それに先立つ6ヶ月前、映画「剣岳 点の記」は封切られ、230万人余りを動員したそうです。監督は木村大作さん。原作は新田次郎「点の記」。明治末期、日本地図の、「最後の空白地点」と言われた富山県の立山連峰・剣岳登頂に挑んだ測量隊の苦悩を描いた物語です。実話に基づく新田次郎の同名の作品の映画化。
同世代の方の何人もがこの映画を観に劇場に足を運んだと聞かされました。「明治時代」の”地上の星”達の物語が好きな人は多いと思います。
監督は木村大作さん、初めての監督作品です。
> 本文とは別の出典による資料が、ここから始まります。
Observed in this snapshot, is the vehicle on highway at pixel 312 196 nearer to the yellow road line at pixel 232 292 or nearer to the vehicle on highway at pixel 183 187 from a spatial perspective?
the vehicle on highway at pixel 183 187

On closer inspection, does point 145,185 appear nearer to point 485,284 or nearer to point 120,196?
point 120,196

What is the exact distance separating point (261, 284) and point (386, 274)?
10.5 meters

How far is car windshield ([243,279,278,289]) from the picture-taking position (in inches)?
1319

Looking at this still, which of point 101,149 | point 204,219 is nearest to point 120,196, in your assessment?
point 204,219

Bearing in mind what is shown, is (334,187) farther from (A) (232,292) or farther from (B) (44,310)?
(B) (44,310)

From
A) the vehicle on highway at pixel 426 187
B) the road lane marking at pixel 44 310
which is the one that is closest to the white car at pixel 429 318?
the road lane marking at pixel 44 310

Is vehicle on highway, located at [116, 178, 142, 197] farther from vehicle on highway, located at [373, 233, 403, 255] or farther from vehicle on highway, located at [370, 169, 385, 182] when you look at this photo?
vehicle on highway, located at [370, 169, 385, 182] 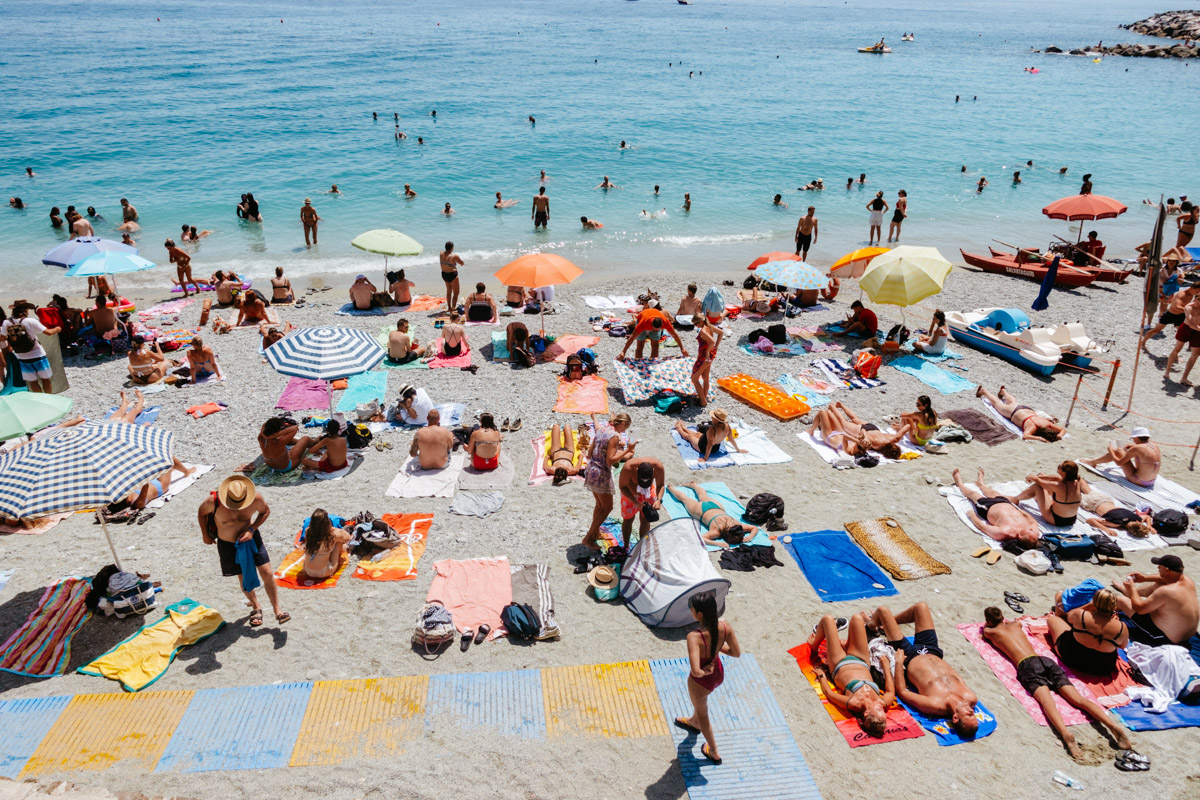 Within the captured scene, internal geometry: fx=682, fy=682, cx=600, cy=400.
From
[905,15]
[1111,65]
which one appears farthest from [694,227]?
[905,15]

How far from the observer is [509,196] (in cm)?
2931

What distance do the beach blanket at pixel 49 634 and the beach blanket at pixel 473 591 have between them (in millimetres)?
3409

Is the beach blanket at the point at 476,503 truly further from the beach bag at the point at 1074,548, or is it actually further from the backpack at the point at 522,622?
the beach bag at the point at 1074,548

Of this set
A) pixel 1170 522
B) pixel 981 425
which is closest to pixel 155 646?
pixel 1170 522

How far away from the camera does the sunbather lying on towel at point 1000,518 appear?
847 centimetres

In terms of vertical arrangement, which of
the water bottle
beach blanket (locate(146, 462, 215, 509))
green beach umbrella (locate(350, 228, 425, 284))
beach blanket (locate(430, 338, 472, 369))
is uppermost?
green beach umbrella (locate(350, 228, 425, 284))

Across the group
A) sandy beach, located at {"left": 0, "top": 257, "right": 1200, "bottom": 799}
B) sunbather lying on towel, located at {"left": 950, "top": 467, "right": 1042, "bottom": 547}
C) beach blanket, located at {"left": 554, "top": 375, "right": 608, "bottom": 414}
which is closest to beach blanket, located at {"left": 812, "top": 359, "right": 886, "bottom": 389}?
sandy beach, located at {"left": 0, "top": 257, "right": 1200, "bottom": 799}

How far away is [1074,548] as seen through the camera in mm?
8320

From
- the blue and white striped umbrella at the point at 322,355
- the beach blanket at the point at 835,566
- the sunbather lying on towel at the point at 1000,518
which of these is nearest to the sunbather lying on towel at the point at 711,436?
the beach blanket at the point at 835,566

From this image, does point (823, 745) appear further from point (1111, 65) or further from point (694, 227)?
point (1111, 65)

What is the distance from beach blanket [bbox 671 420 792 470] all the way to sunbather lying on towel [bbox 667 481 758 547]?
3.83 ft

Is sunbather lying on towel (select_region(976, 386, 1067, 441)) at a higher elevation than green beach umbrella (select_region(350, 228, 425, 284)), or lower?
lower

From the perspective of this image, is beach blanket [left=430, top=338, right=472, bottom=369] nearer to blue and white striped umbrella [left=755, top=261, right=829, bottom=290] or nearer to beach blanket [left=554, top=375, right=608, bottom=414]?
beach blanket [left=554, top=375, right=608, bottom=414]

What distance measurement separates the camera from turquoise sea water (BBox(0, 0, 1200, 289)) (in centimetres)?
2539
それまではカメラマンとして「八甲田山」や「鉄道屋(ぽっぽや)」等の撮影で活躍。一大決心をして、「点の記」映画化を志します。剣岳の荘厳な姿を眼にしたとき映画制作の決心が固まったそうです。と同時に撮影の困難さも覚悟したことでしょう。
その木村監督の壮絶なまでの決心を知ったフリー映像作家、大澤嘉工(よしのり)さんは、「押しかけ」で長期の山岳ロケに同行し、映画つくりのさまをドキュメンタリー映画に仕上げた作品が「剣岳 撮影の記」なのです。
木村監督が創る作品が「剣岳登頂に挑んだ測量隊の苦闘を描いた」ドラマに対し、大澤監督の手になる作品は「困難な中で撮影を敢行する映画隊」のドキュメンタリー、という構造を持ち、その撮影は同時進行的に進められ、「点の記」は既に公開されたものの、こちらのドキュメンタリーはこの12月漸く封切られたというわけです。
映画の冒頭のナレーション「天空の彼方で、前人未踏の撮影が繰り広げられた」が全てを物語ります。スタッフも俳優も30キロはある機材等を背負って明け方から何時間も歩いて撮影現場に到着し、到着後初めて撮影は開始されるのです。劔山頂での撮影も、晴れて来なければ、その日の撮影は諦めて、虚しい思いで前線基地まで戻り、又の機会を待たねばなりません。撮影中に落石が頭部を襲い、重傷を負ってヘリコプターで空送される仲間もでます。
幾多の困難を乗り越えて、劔山山頂での撮影を終えると、期せずして万歳三唱が。胸に迫り来るものがあります。涙もろくなっている身ですが、「点の記」そのものよりもジンと来る場面が多くありました。
かって山仲間4人と「早月尾根」から頂上を目指した剣岳、思い出深い山です。折りしも12月11日には「点の記」のDVDが販売されるとの事。レンタルするか購買して、心ゆくまで剣岳風景を味わいたいと思っています。